Topics: Civics, Civil Rights, Civilization, Climate Change, Existentialism, Human Rights

Sixty years ago today, I was a month and twelve days from my second birthday. Sixty years ago today, my world was changed by President Lyndon Baines Johnson signing the Civil Rights Act, ninety-nine years after the surrender at Appomattox, Virginia, and the cessation of the insurrection known by the Orwellian name: "Civil War."

A year prior, my parents would see four little black girls murdered by Klansmen on her 38th birthday (September 15, 1963), only exacerbated by the assassination of President John F. Kennedy (November 22, 1963), which propelled his then Vice President into the presidency. The year prior to that, barely on the planet, the "Missiles of October" threatened my brief existence as nuclear weapons had been staged off the coast of Florida by Russia in Cuba (October 14, 1962). The sixties may have given us the utopian vision of Star Trek, but it was not the "Dawning of the Age of Aquarius" as the Fifth Dimension sang joyfully.

The project to dismantle American democracy started today as well.

The 9-0 vote on Brown vs. Board of Education was untenable at the time for Southern Dixiecrats, who wanted it as a ballot initiative because they knew they had the votes to defeat it, and "put things back in proper order," the hierarchy of the chattel enslavement of kidnapped humans, and Jim Crow. The parties "flipflopped" as Dixiecrats left the Democratic Party, after the Voting Rights Act of 1965 the next year, and the Fair Housing Act of 1968, migrating to the Republican Party, all willing to absorb southern racists with the slick, Hollywood line a B-Movie Actor gave them as mantra: "I didn't leave the Democratic Party; the Democratic Party left me." After the Powell Memo that set the framework for the first decades-long lurch to fascism, "The Gipper" was born, the first of three avatar presidents that made you feel nostalgic for halcyon days that have never existed, all of them always preceded by memos, the Project for a New American Century, and the frightening, dystopian document Project 2025.
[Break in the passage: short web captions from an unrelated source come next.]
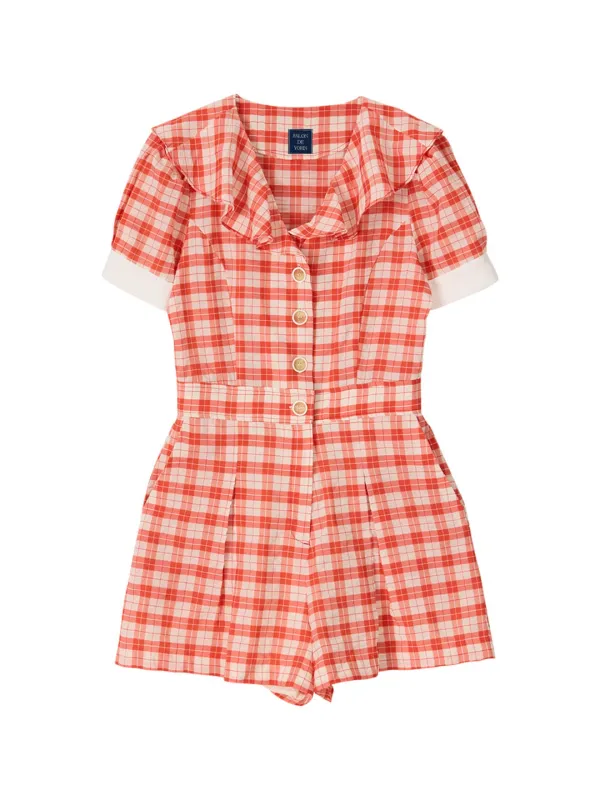 Vintage Collar Jumpsuit_ Red
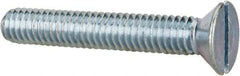 Value Collection - 5/16-18 UNC, 2" OAL Slotted Drive Machine Screw - Flat Head, Grade 2 Steel, Zinc-Plated Finish, Without Washer - Apex Tool & Supply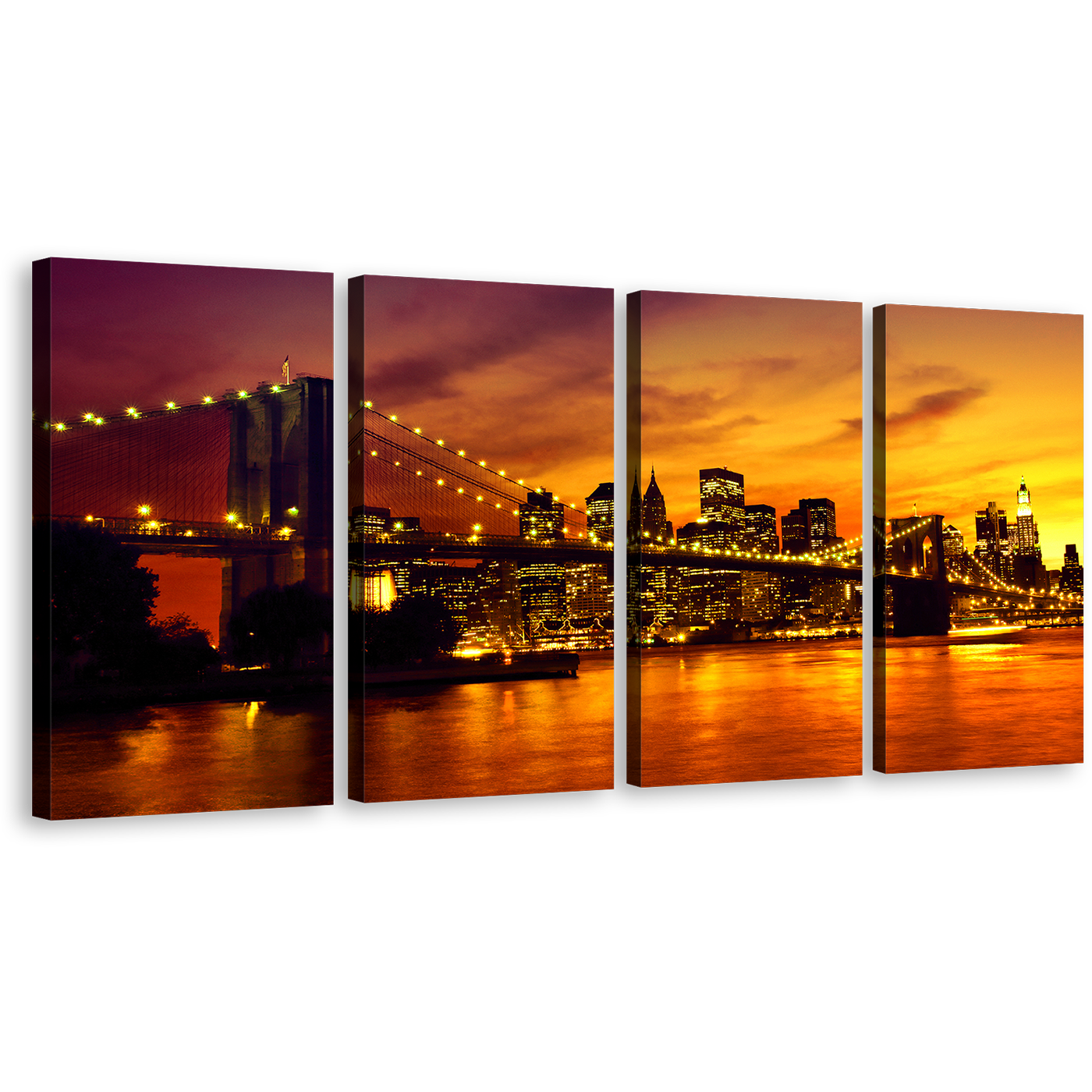 Manhattan Cityscape Wall Art, Brooklyn Bridge at Yellow Sunset 4 Piece Canvas Print, Black Manhattan Cityscape Multiple Canvas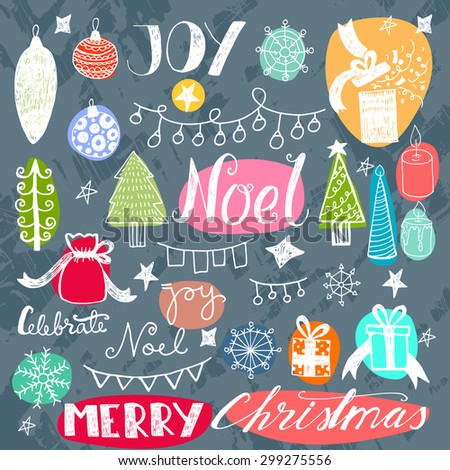 Set of hand drawn doodle happy new year icons. Christmas vector elements.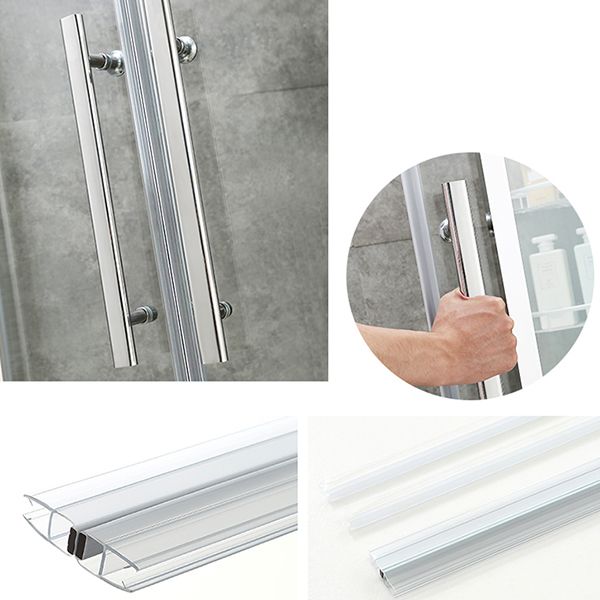 Tempered Glass  Shower Kit Double Sliding Round Shower Kit with Shower Door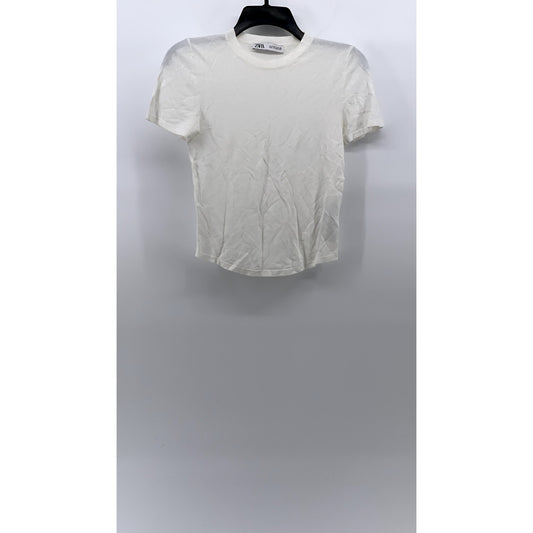 ZARA Women's White Extra Fine Rib Crewneck Short Sleeve Casual Top SZ S
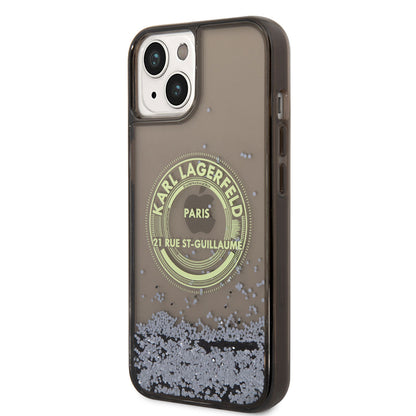 iPhone 14 Kılıf Karl Lagerfeld Sıvılı Simli RSG Dizayn Kapak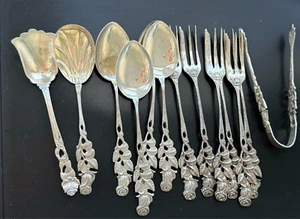 VINTAGE GERMAN ''ANTIKO'' 800 SILVER TEA/COFFEE ROSE PATTERN FLATWARE SET - Picture 1 of 11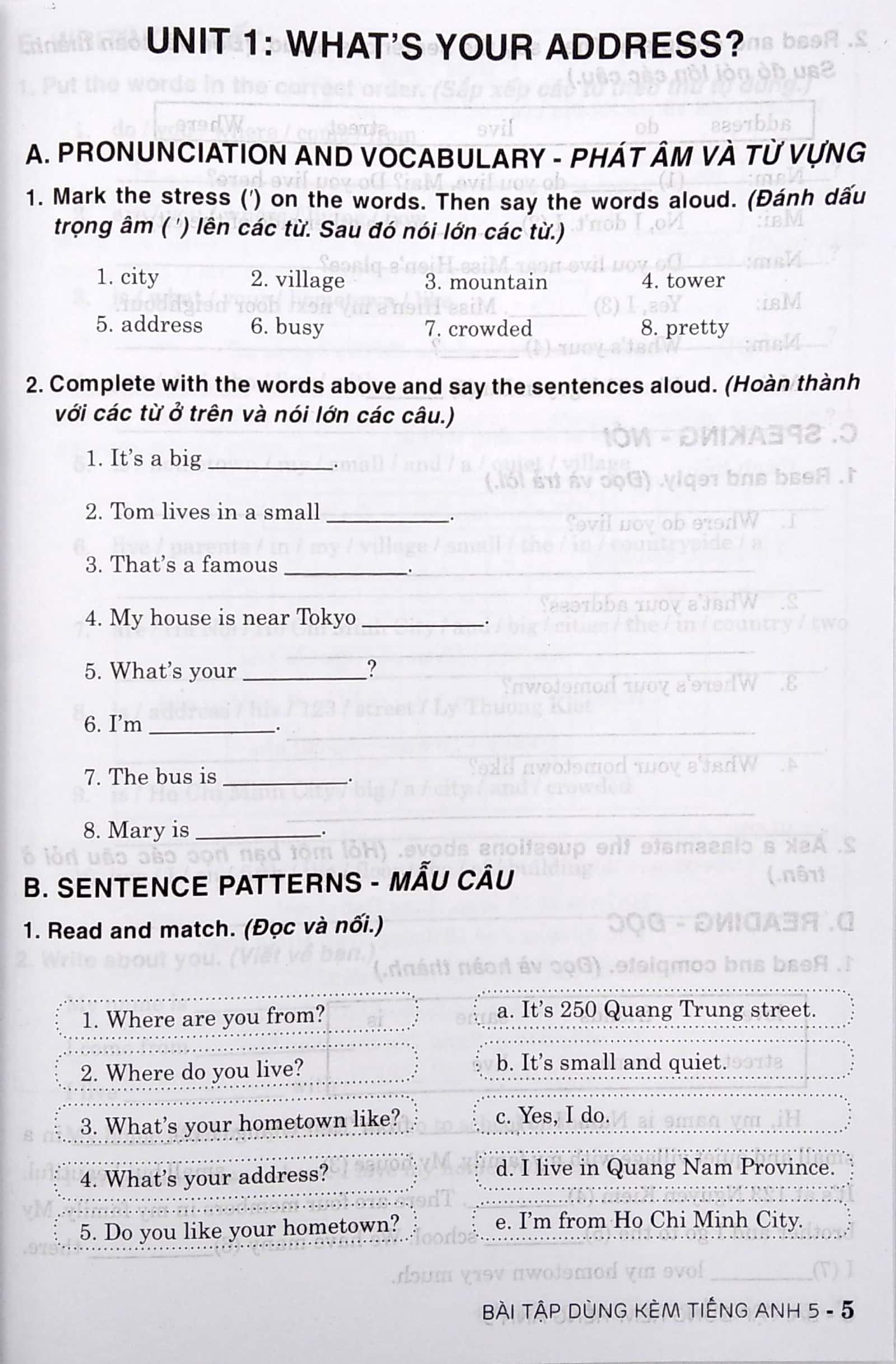 bài tập dùng kèm tiếng anh 5 - biên soạn theo chương trình mới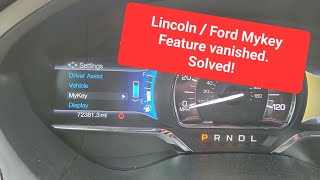 Lincoln Ford Mykey Disappeared Problem Solved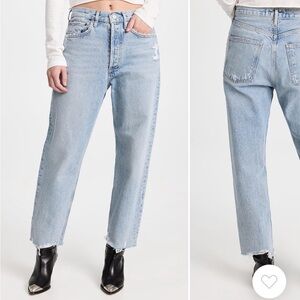 Agolde 90s Mid Rise Straight Jeans in Nerve Light Blue Denim Size 25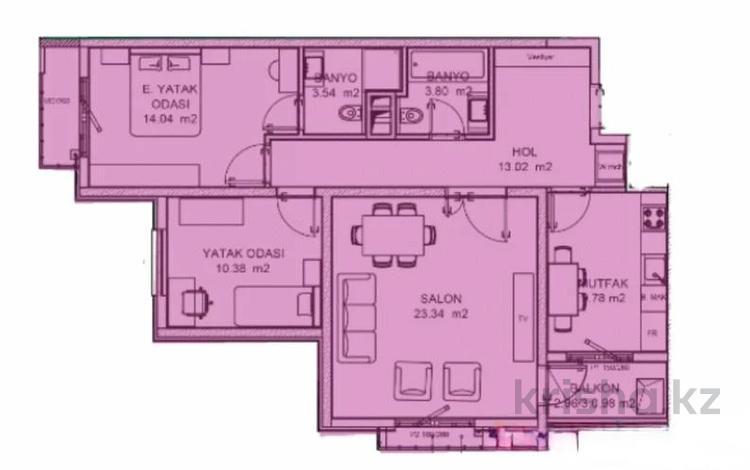 3-комнатная квартира · 83.4 м² · 11/12 этаж, Жаңа Қала 28/4 за ~ 8.3 млн ₸ в Туркестане — фото 16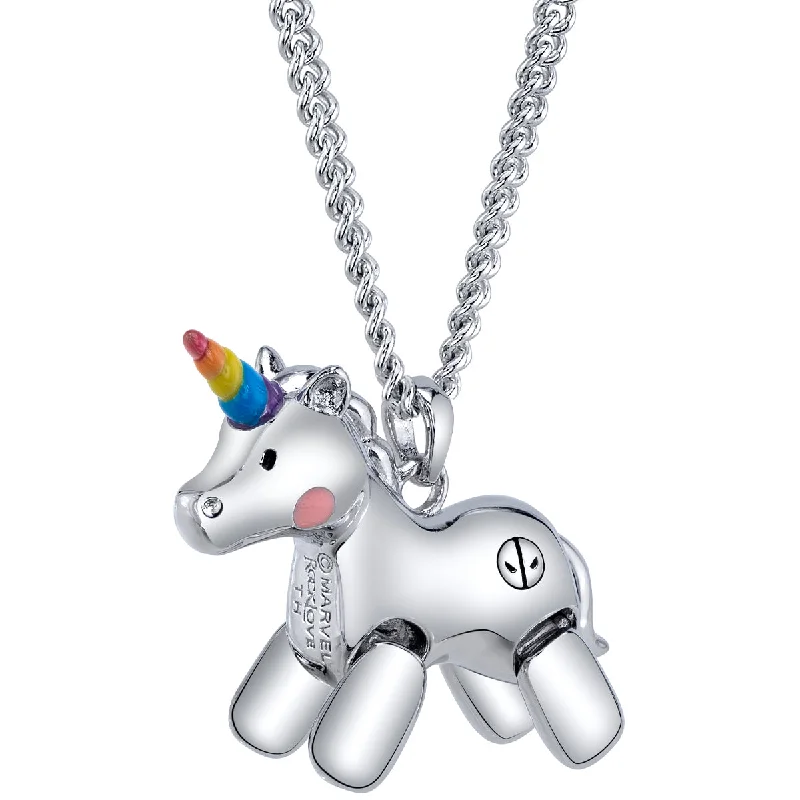 Ladies silver charm necklaces-Marvel X RockLove DEADPOOL Unicorn Necklace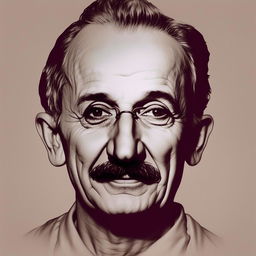 An artistic representation of a globally recognized figure such as Mahatma Gandhi, Albert Einstein, or Marilyn Monroe.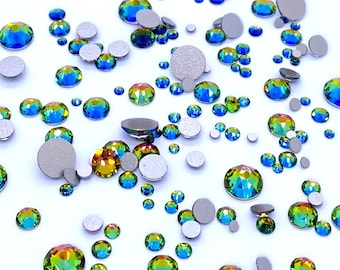 144 pcs - Crystal Vitrail Medium (001 VM) Swarovski 2058/2088 strass à dos plat mélangés avec les tailles ss5, ss7, ss9, ss12, ss16, ss20, ss30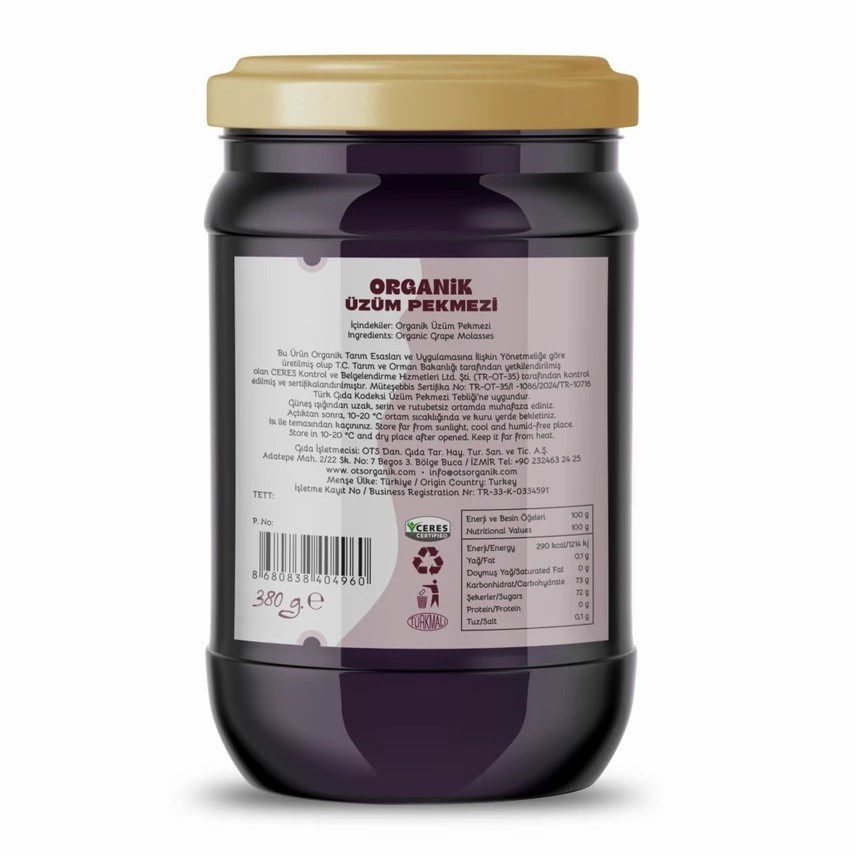 Ots Organik Üzüm Pekmezi 380 gr 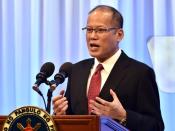 Philippine President Benigno Aquino delivers a speech at the "Future of Asia" forum in Tokyo on June 3, 2015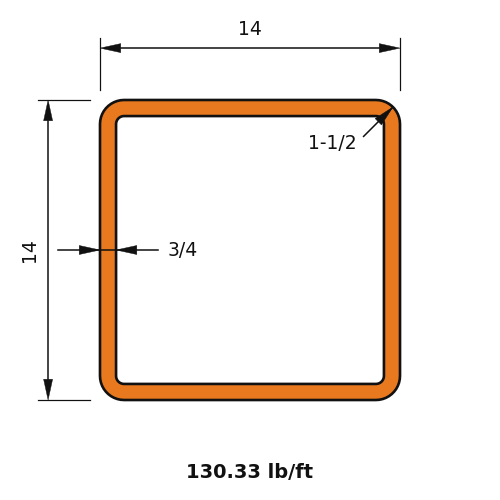 HSS14x14x.75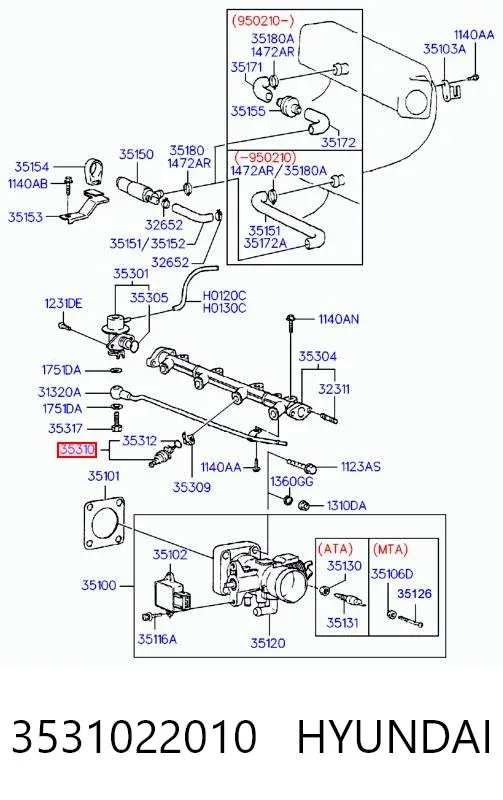 Паливні форсунки 3531022010 Hyundai/Kia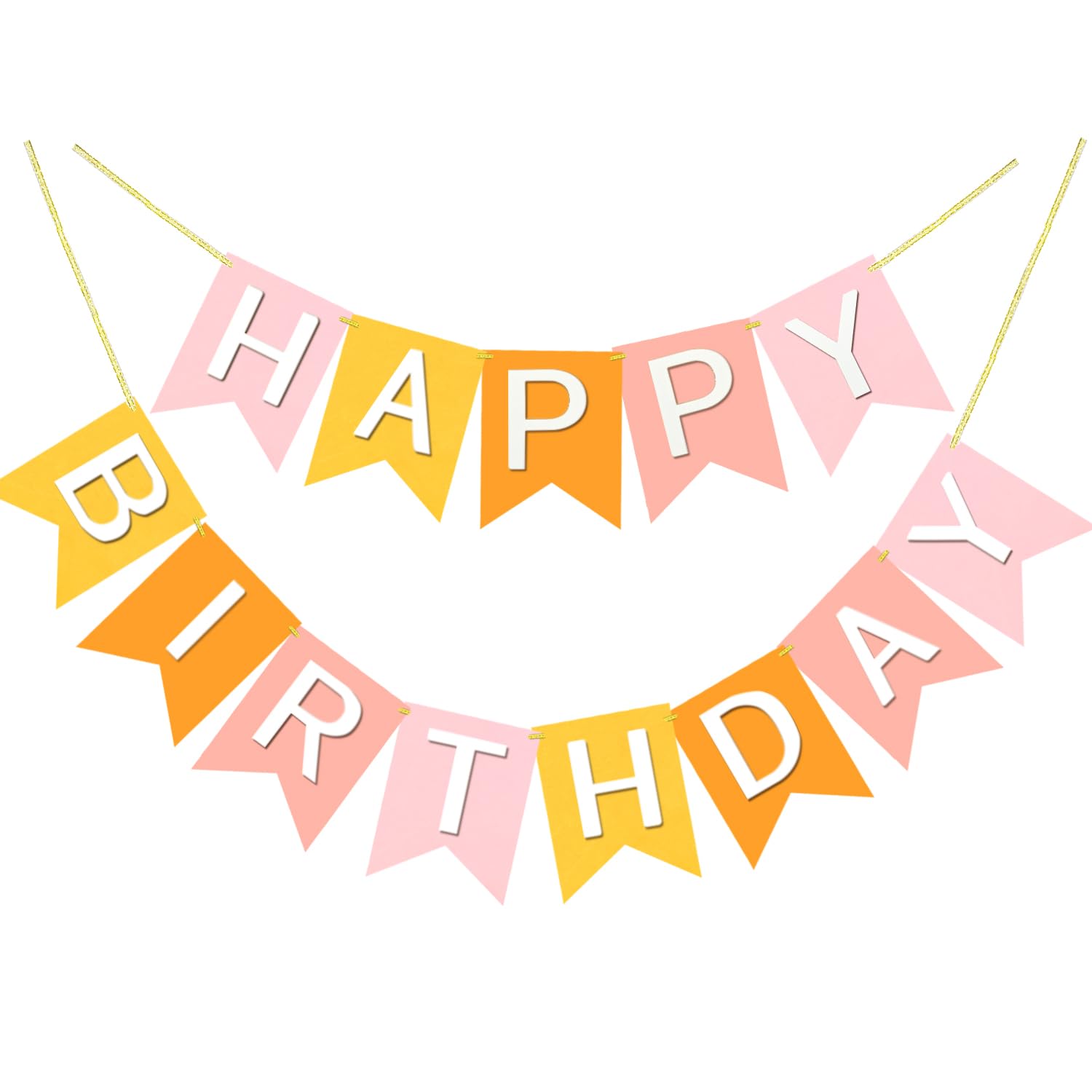 Pink Orange Happy Birthday Banner Girls Birthday Theme Party Signs Decorations Supplies Pre - Strung Handmade Garland Indoor & Outdoor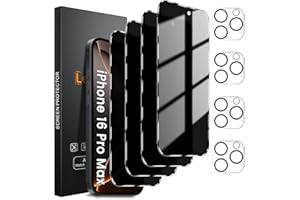 Lesakit 4+4 Pack Privacy Screen Protector for iPhone 16 Pro Max 6.9-Inch with 4 Pack Camera Lens Protector, Anti Spy Tempered Glass Film 9H Hardness Case Friendly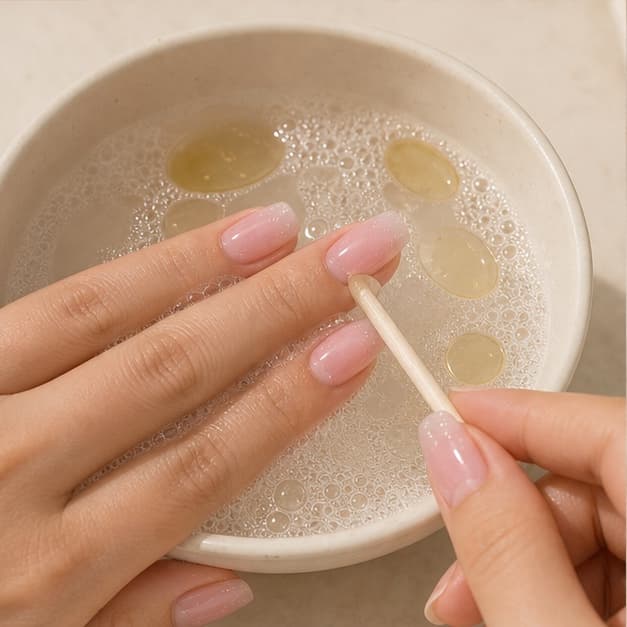 Gentle press-on nail removal in warm soapy water and oil
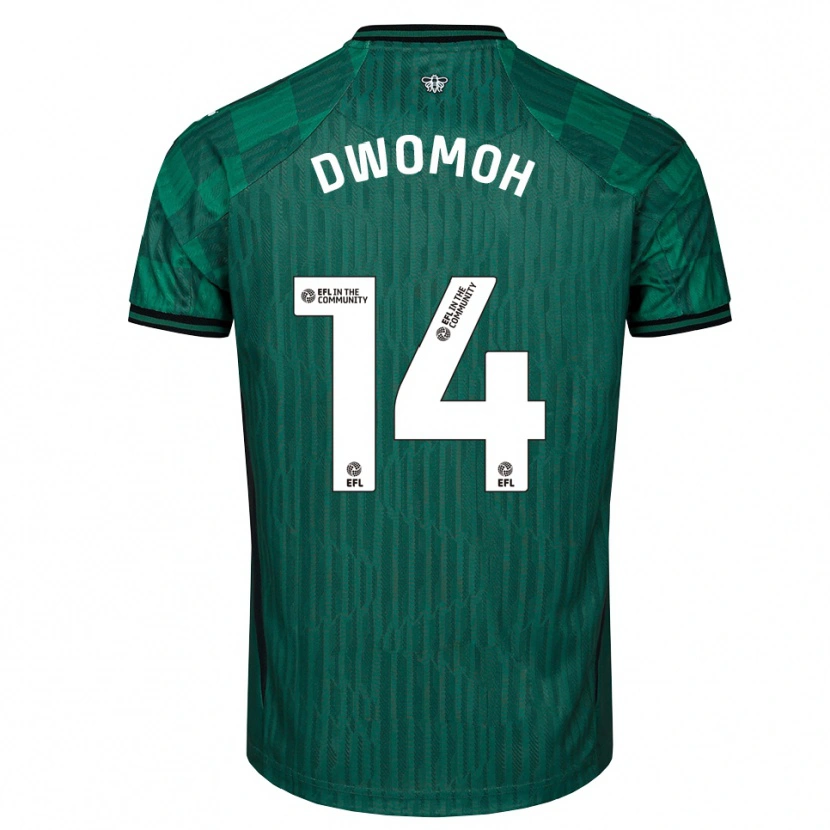 Danxen Mujer Camiseta Pierre Dwomoh #14 Verde Negro 2ª Equipación 2025/26 La Camisa México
It was always going to come to this.

My letter to the President after the "Supreme Court" decision establishing a monarch:

The Revolutionary War was fought to get out of the authoritarian rule of a tyrant, King George of England. This "Supreme Court" is neither. It is broken, and I will be voting for you, working to elect Josh Stein in North Carolina, and donating to both campaigns. I feel passionate about the successes of this administration, and we're so close to addressing climate change. Mr. President, please consider something that goes against the grain and your respect for institutions: stack the court. Propose that if re-elected, you will rebalance the high court, which is clearly activist, out-of-touch, and out of control. This convicted felon, this adjudicated rapist CANNOT regain political power, or else we will be a byword, a proverb, an oxymoron. If the U.S. falls, so will every democracy across the globe, which is the goal of Vladimir Putin and the Russian government, a kleptocracy masquerading as a state. The extinction-level event for the dinosaurs was a meteor off the Gulf of Mexico. I don't see the human species continuing if this cretin gets back into the Oval Office. The United States is an essential nation. Thank you.

My biggest critique of the Democratic Party is they lack strategic vision. The evisceration of Roe vs. Wade was a decades-long strategy that the DNC treated as a political football. The party had since 1973 7 Republican - 2 Democratic justices' decision to codify women's bodily autonomy into law, but it was too useful a political football, so no one tried. Meanwhile, the Republicans are following no rules other than the grasp and maintenance of power; call it class warfare or white supremacy; it doesn't matter.

The Dred Scott Decision by Chief Justice Robert B. Taney is credited for the impetus of the "Civil War," resulting in about 622,000 countrymen dead from both sides, only surpassed by the ineptitude of the tyrant who botched the Coronavirus response, who Chief Justice John Roberts just gave dictatorial powers to if he were to return to office January 20, 2025.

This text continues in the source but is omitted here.